Her Tenderness

her tenderness was taken from her

she now resists every caressing hand and careful heart

that prays for her tenderness to broach

to mount a truly new start

preferred to be by herself

than alone with multitudes around

better to love the creations

than the creators themselves, she's found

perhaps it's better

to be lost together

she will never consider that world;

her tenderness was stripped from her flawless brow

an enchanting queen unpearled

Gray Life Orchestra

i walk lightly

head on a swivel

and bury my acorns just below the surface

hands in my pockets

i keep my profile low

and hurry to the hole in my tree

i am too frightened to sleep

with that anxiety roiling in me

alienation blankets my shivering body

surrounded by others,

but deeply and dangerously alone

gray life orchestra

alarms and ringtones

a symphony of medicocricy

Unceremoniously

stains on my body

unceremoniously

wish you were here

to etch doodles upon our gravestone

oh, how you whisper

oh, how I shake

oh, how you whisper

all streets and places here bear your name

oh, how you whisper

wind whirls through courtyards,

sending crisp leaves and petals dancing,

and reminds me with hairs standing on my neck...

oh...

do you know that you whisper?

are you aware of guiding these winds?

you painted roses on my chest

and dissipated while colors were slick on my flesh

you resolve to maintain your pitch

pencils and books

in hands that shook

'neath planes that guided our eyes

to one another's

as lovers and shovers

what else could true hearts surmise?

dozers shake the Earth while they sleep

hand to fist

mouth to meat

dreaming of power

in places where the paralyzed meet

to walk themselves to duty

to boot their mighty feet

murky green skies for swimming

pass the absinthe,

fairy for trimming

fat from a sober reckoning

i’ll remember this in frames,

i’ll remember this becoming

i'll stop my lovely orbit

when gravity unwinds her arms;

the gentle pull that guided the Earth to form,

the iron vice that keeps us in tango

with fuel to blast from this disarming trance

i shovel deeper

slowly

to listen is the new language

the tips of our fingers

read the lines of escape

to paw like a lion

your life before all eyes on videotape

Time bites wrists

where cuffs may have been

for reading hip to hip

to have known a friend

severed lovers were still once lovers;

just as rivers never end

they strengthen as they bend

and feed a great, hungry body

Time guides my hand

bite marks and all

the cloth is tied

I am prepared to fall

things we wish we knew,

but certainly already did,

were never far from reach

we knew!

we did!

i hid!

A creature doesn't know that it's called a creature.
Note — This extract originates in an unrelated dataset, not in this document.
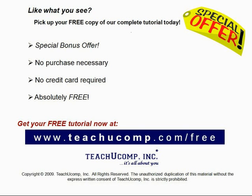Like what you see? Pick up your free copy of the complete tutorial at www.teachyoucomp.com/free.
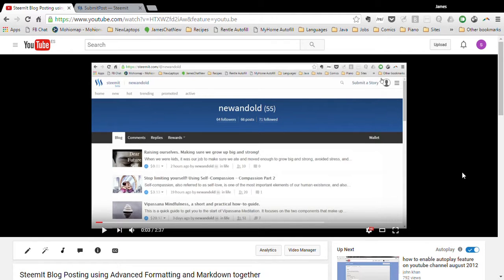In this video I'm going to show you how to embed YouTube videos into your blog when you're using a raw HTML format needed for advanced formatting.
It doesn't know that its food is called an acorn. It doesn't know that its home is called a tree. Yet it goes on being a creature, eating acorns, and living in trees nonetheless.

everything is so much

with my eyes, my fingers, and tongue

my skull, my root, my chest, and lung

to do what I do

while knowing what I know

is an awkward dance

an anonymous apropos

take all of your pieces with you

and bury them beneath a tree

when its branches bring forth hearty fruit

you’ll know the why of all the holes in me

these spaces are not empty

if light would spill through

illuminating a future

turning old seeds new

hand to heart

my fingers disappear

covered in white letters:

“I was here”

grit deep

more coarse the friction

art is a myth,

a useful fiction

careful not to bother

the glass mask nod and weather

or sand-rubbed pink flesh

the requisite horse and tether

i was yours

and you were mine

the way unveiled

not meant to pine

was and is,

a fault line snake

candle and sun

a not so subtle quake

she was oil that tasted like honeywater

no ice, no straw

i was a brick with wings

no temperance, all flaws

i was the kite

she was the kite-flyer

the string was missing

i knew what she meant in her thirst

cracked lips whispering for water and wine;

what was necessary and what was needed

I hadn’t the blood to satisfy her

she needed a murder scene

i needed an IV

you are an animal

before you knew anything

you were an animal

raw and ravenous

thirsty and sore

then there were books

and music

and organized war

then gospels and guides

to tell you how for

you first were an animal

then something more

i once carried with stone arms

a delicate and silken thing

and probed with spiked fingers

its tissue tempered skin

taught to perfect timbre

for the rhythmic pounding of fists

pumping and grinding,

slipping and sliding

with cuffed and anemic wrists

not everything that is soft is lush

lips to lips, crush to crush

the sweet, surrendered hush

the stop and go,

the ebb and flow,

the dance of stone and plush

there is a magnolia in my front yard

that i will miss

when i leave for the swamp;

the reptile’s kiss

her branches are strong

her flowers are tender

i want to become her

when my body surrenders

she’s the saint of patience

and ever moving on

i will miss her dearly

when my tread is gone

(yes, this is about you)

playing games with posture

an innocent start

pleasure, pain - our bodies

and ruddy pounding hearts

the meat of our lips

the S of our spines

i am yours

and you are mine

steadily we walk

and supersede the flesh

to a healthy stock

and a downy nest

I am on a cloud

mid-shin deep in pillows

for what it’s worth

a blue whale’s spray tickles my feet

and he fancied himself an artist

made of masculine prance and quiet sputters

as if smoke-ring talent where a trait to be admired

by the works of others before he,

by the tear and thickness of artists’ hands

those lines riversnaked through canyons of depth

and his was atop those mountains, carving the faces of great men

how’s a smoke-ring volcano, boy?

how’s the lament in the Virginian’s eyes?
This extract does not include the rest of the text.